Ein Jahr dauert der Streit zwischen Verdi und den Arbeitgebern im bayerischen Handel schon an. Getan hat sich wenig. Wie die Lage ist und wie es jetzt weiter gehen kann.
Im Laufe des vergangenen Jahres kam es immer wieder zu öffentlichen Aktionen von Beschäftigten und der Gewerkschaft Verdi in der Region, wie hier im November 2023 vor der Edeka Zentrale Nordbayern in Rottendorf.
Foto: Patty Varasano | Im Laufe des vergangenen Jahres kam es immer wieder zu öffentlichen Aktionen von Beschäftigten und der Gewerkschaft Verdi in der Region, wie hier im November 2023 vor der Edeka Zentrale Nordbayern in Rottendorf.
Marcel Dinkel
 |  aktualisiert: 15.07.2024 13:21 Uhr

Seit über einem Jahr verhandeln die Gewerkschaft Verdi und die Arbeitgeber im bayerischen Groß- und Außenhandel über höhere Löhne. Bislang ohne Erfolg. Bis heute ist kein Tarifvertrag in der Logistik zustande gekommen. Auf den Straßen und in den Supermarktfilialen ist vom laufenden Tarifkonflikt inzwischen kaum mehr etwas zu spüren.

In Unterfranken war neben dem Kaufland-Lager in Donnersdorf mit mehr als 500 Beschäftigen vor allem Edeka Nordbayern-Sachsen-Thüringen am Lagerstandort im Gochsheim (beide Lkr. Schweinfurt) mit rund 700 Beschäftigten von den Streiks betroffen. 

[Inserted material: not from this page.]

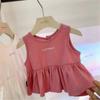 Camiseta de Verão para Meninas Estilo Western para Bebês Infantil Distintivo Tendência Coreana Letra Combinação de Cores Cyber Popular Camisa Boneca Top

Welche Bilanz ziehen die Unternehmen, der Landesverband Bayern Großhandel, Außenhandel (LGAD) und die Gewerkschaft heute? Antworten im Überblick.

Streik im Handel: Was ist der derzeitige Stand in den Tarifverhandlungen?

Zehn Verhandlungsrunden liegen mittlerweile hinter der Tarifkommission. Auch das letzte Treffen am 22. März 2024 brachte kein Ergebnis. Die Arbeitgeber hatten Verdi laut Gewerkschaftssekretär Peter König zuletzt in der vierten Tarifrunde am 3. Juli 2023 eine Lohnerhöhung in zwei Schritten bei einer längeren Laufzeit von 24 Monaten angeboten. Der Vorschlag sieht vor, die Gehälter und Ausbildungsvergütungen rückwirkend ab September 2023 zunächst um 5,1 Prozent und ab August 2024 um 2,9 Prozent steigen zu lassen.

Zusätzlich soll eine Inflationsausgleichsprämie von insgesamt 1400 Euro für Angestellte und 700 Euro für Azubis ausgezahlt werden. Aus Sicht der Gewerkschaft ein Trick: Der LGAD gebe der einmalig ausgezahlten Inflationsausgleichsprämie einen prozentualen Wert, der als dauerhafte Lohnerhöhung dargestellt werde. Zudem steckten im Angebot sogenannte Leermonate ohne Tariferhöhung.

Zehn Treffen ergebnislos: Warum stocken die Verhandlungen?

Nach Ansicht von Verdi unterbreiten die Arbeitgeber den rund 260.000 Beschäftigten im bayerischen Groß- und Außenhandel noch immer kein an die Inflation angepasstes Angebot. "Das ist um so verwunderlicher, da vor allem die Arbeitgeber im Lebensmittelhandel Profiteure in der Corona-Krise und auch in den letzten beiden Jahren waren", sagt König.

Einzelne Unternehmen zahlen seit einiger Zeit unabhängig vom Tarifabschluss freiwillig höhere Löhne. Stefanie Schmitt, Sprecherin von Edeka Nordbayern-Sachsen-Thüringen mit Sitz in Rottendorf (Lkr. Würzburg), teilt mit: "Wir haben im Rahmen einer verbindlichen Gesamtzusage unseren Mitarbeitenden eine Gehaltssteigerung von 10,5  Prozent für 2023 und 2024 nach Tarifabschluss fest zugesagt, selbst wenn dieser niedriger ausfallen sollte."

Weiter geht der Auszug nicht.